Transisi ke NZE, Kementerian ESDM Tetap Gunakan Energi Fosil

Syafira | Rabu, 15 Nov 2023 17:51 WIB
Transisi ke NZE, Kementerian ESDM Tetap Gunakan Energi Fosil Gedung Kementerian Energi Sumber Daya Mineral (ESDM). (Foto: Dok. Ist)

Jakarta, Indonesiainfo.id - Kementerian Energi Sumber Daya Mineral (ESDM) memastikan akan tetap menggunakan energi fosil, seperti minyak dan gas bumi, batu bara sebagai sumber energi sementara, selama masa transisi menuju Net Zero Emission (NZE) atau emisi nol bersih di Indonesia.

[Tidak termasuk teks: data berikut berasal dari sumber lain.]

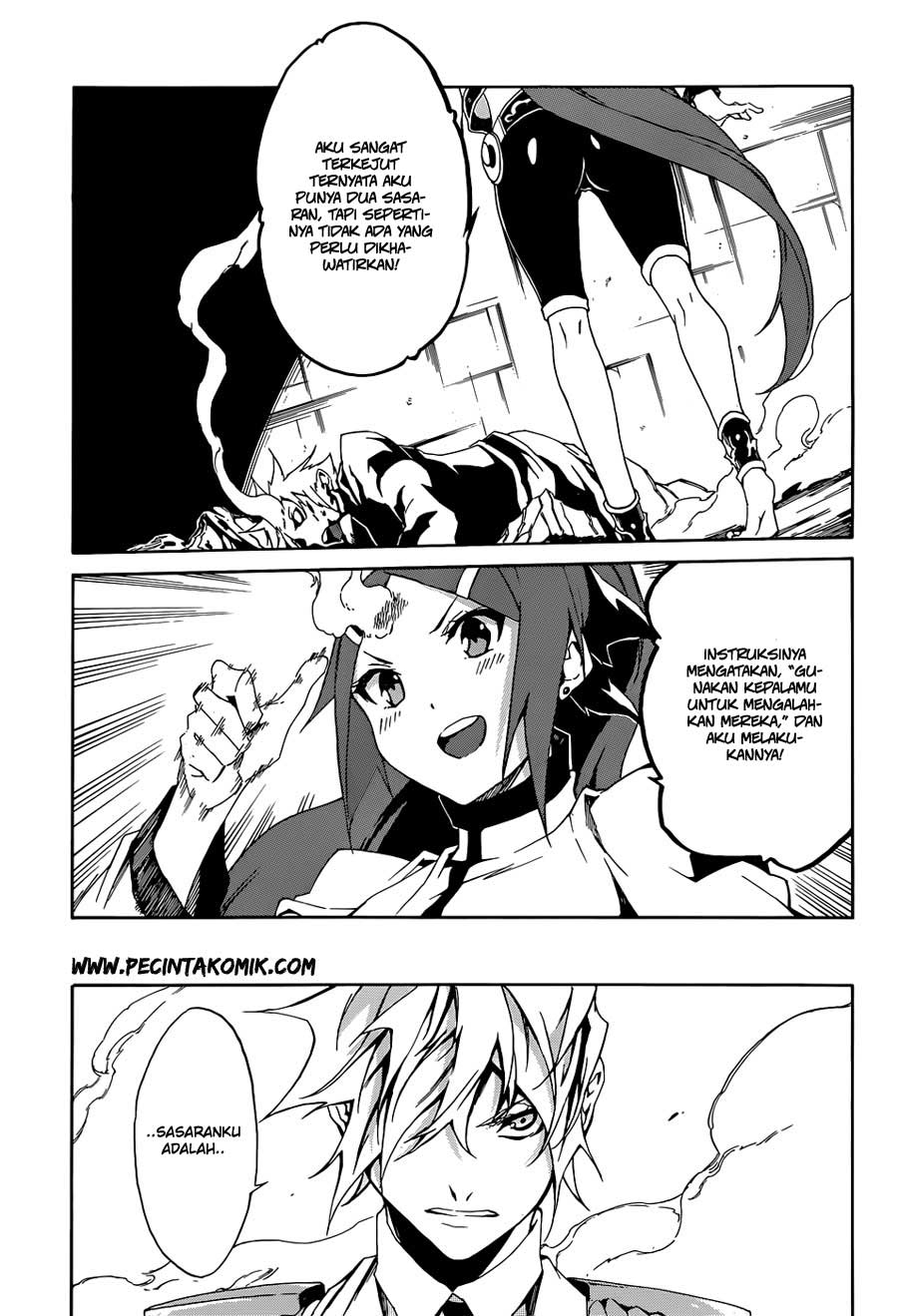 Akame ga Kill! Zero Chapter 3 Gambar 27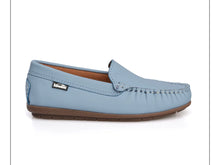 Cargar imagen en el visor de la galería, SP25 Venettini Mocasín de conducción mocasín liso Morgan5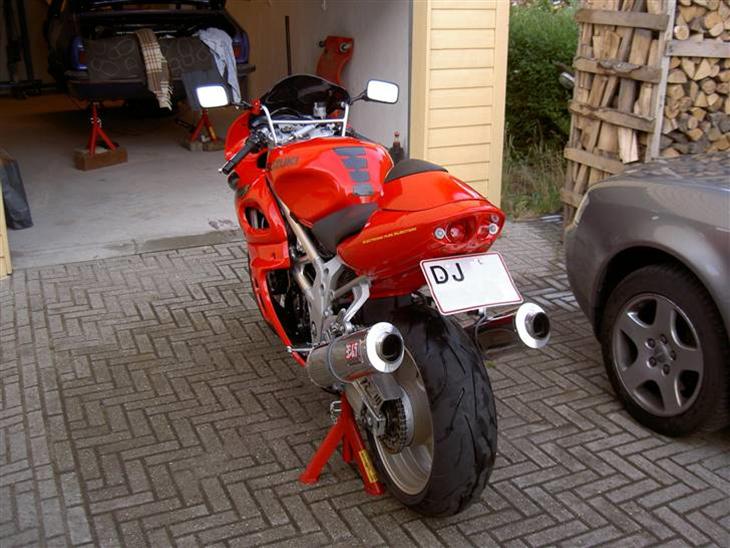 Suzuki TL1000s(solgt) billede 1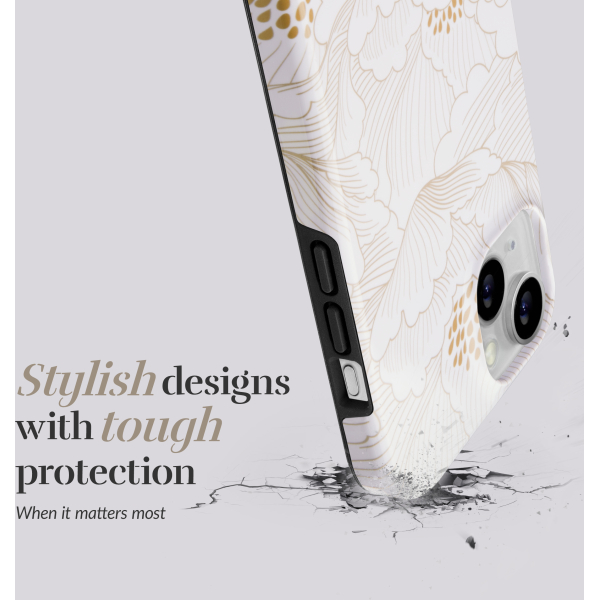 Mio By Mobilize Mio White Roses Magsafe Compatible For Iphone 15 Pro Max - Afbeelding 4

Direktur Teknik dan Lingkungan Migas Kementerian ESDM Mirza Mahendra mengatakan, penggunaan energi fosil ini mempertimbangkan 3 faktor yakni ketersediaan, aksesibilitas, dan keterjangkauan.

"Gas bumi sebagai energi yang lebih ramah lingkungan dibandingkan minyak bumi dan batu bara, juga dapat dimanfaatkan sebagai energi transisi sebelum beralih 100% ke Energi Terbarukan di sektor transportasi dan juga pada pembangkit listrik," ujar Mirza Mahendra dikutip dari laman Kementerian ESDM pada Rabu (15/11).

Mirza menjelaskan, secara umum transisi menuju emisi nol bersih memerlukan perubahan yang dapat dikategorikan ke dalam empat pilar. Pertama, peningkatan intensitas energi yang membantu mengurangi biaya transisi. Kedua, dekarbonisasi pembangkit listrik untuk mengurangi emisi langsung di sektor ketenagalistrikan.

"(Pilar lainnya) peralihan ke bahan bakar rendah emisi pada penggunaan akhir dan penangkapan. Pemanfaatan dan penyimpanan karbon (Carbon Capture Utilization Storage/CCUS) yang mengurangi emisi dari industri yang emisinya sulit dikurangi," ujarnya.

Mewujudkan target net zero emisi, kata Mirza, memerlukan kolaborasi yang kuat antara berbagai pihak, termasuk institusi dan lembaga termasuk dengan akademis dan kalangan industri terkait.

"Melalui kolaborasi yang kuat maka akan didapat mencapai dampak yang lebih besar dalam mengurangi emisi dan bergerak menuju net zero emission," katanya.